As the chip is to be used in different parts of the world under different different temperatures. So, where the temperature is high the cell delay increases so they behave slow whereas where the temperature is low they behave fast. So timing library are categorized based on operating temperatures.
When we open sky130_fd_sc_hd__tt_25c_1v80.lib , on the very first line the name of the library appears. It also contains technolgy which is CMOS. A typical snap shot of top lines is shown below:
There are many cells in this library out of which and2 cell is shown in below figure. Here you can see that it is of 2 pin AND gate. And for these 2 inputs there are four combinations possible and for each combination leakage power is given here. Along with this area and total leakage power of the cell are also given as highlighted in yellow in belwo figure.
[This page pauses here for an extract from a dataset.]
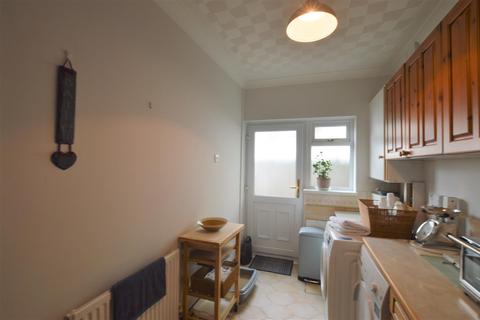 16 Clos Y Dderwen, Cross Hands, Llanelli, SA14 6RN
This .lib also conatains multiple versions of the same cell based on the strength e.g above 2 input AND gate has two more versions as shown in below figure. Here "and2_0" , "and2_2" and "and2_4" comparison is shown. It can be seen that as we move from left "and2_0" to right "and2_4" the cell area and leakage power both are increasing that means the speed of the cell is increasing. It means "and2_0" is slowest and "and2_4" is fastest with minimum delay but at the cost of large area and power.
A hierarchical synthesis is one in which the netlist generated preserves the same hierarchy which is present in the original RTL code. As we know that when we have a large design to code, we code it verilog by firstdesigning the its submodules and then we combine these submodules into a top module. Its a hirachical way of designing adigital design. For simple example let's RTL design named as multiple_modules which has three inputs A,B and C and a single ouput Y. This top module has two submodules, one submodule is an AND gate and the second submodule is an OR gate. The hierarchical schematic is shown below:
The RTL code for design is written in verilog as follows:
A hierachical synthesis is one which generates such a netlsit which preserves the this hierarchy that one top module contains these submodules inside it. This type of netlist is known as hierarchical netlist. For generating this netlist this designis synthesized using Yosys by following below steps:
- Read the .lib of sky130 in Yosys
- Read the RTL design multiple_modules
- synthesize the design by giving the top module name as "multiple_modules"
- Performed technology mapping using "abc -liberty sky130_fd_sc_hd__tt_25c_1v80.lib"
- Now the schematic for the hierachical netlist is obtained using "show" command in yosys which shown in below figure. This conatains submodule1 and submodule2 and muitple_module as top module, that means the hierarchy is same as in the RTL.
A hierarchical synthesis beneficial in two cases:
- When we have multiple instances of asame module in a design, so synthesize this single design and replicate it multiple times in the top module this saves time and synthesizer effort.
- We want to employ divide and conquer approach in case of massive designs.
- In hierarchcial netlsi the the pins on submodules are accessible so it helps in functional verification as well as in case of static timing analysis of the design.
If a synthesizer do not preserves the hierachy of the RTL design rather it generates a flat signle module netlist. Then this type of netlist is known as flatten netlist and such type of synthesis is known as flat synthesis.
- A flatten netlist is generated by giving a commmand "flatten" to the Yosys before writing the netlsit command. The flatten netlsit for the above RTL design "multiple_module" is shown below. It can seen that there is no submodules it rather it is gnerated in the for of basic AND and OR gates.
- The schematic for flatten netlist is shown below.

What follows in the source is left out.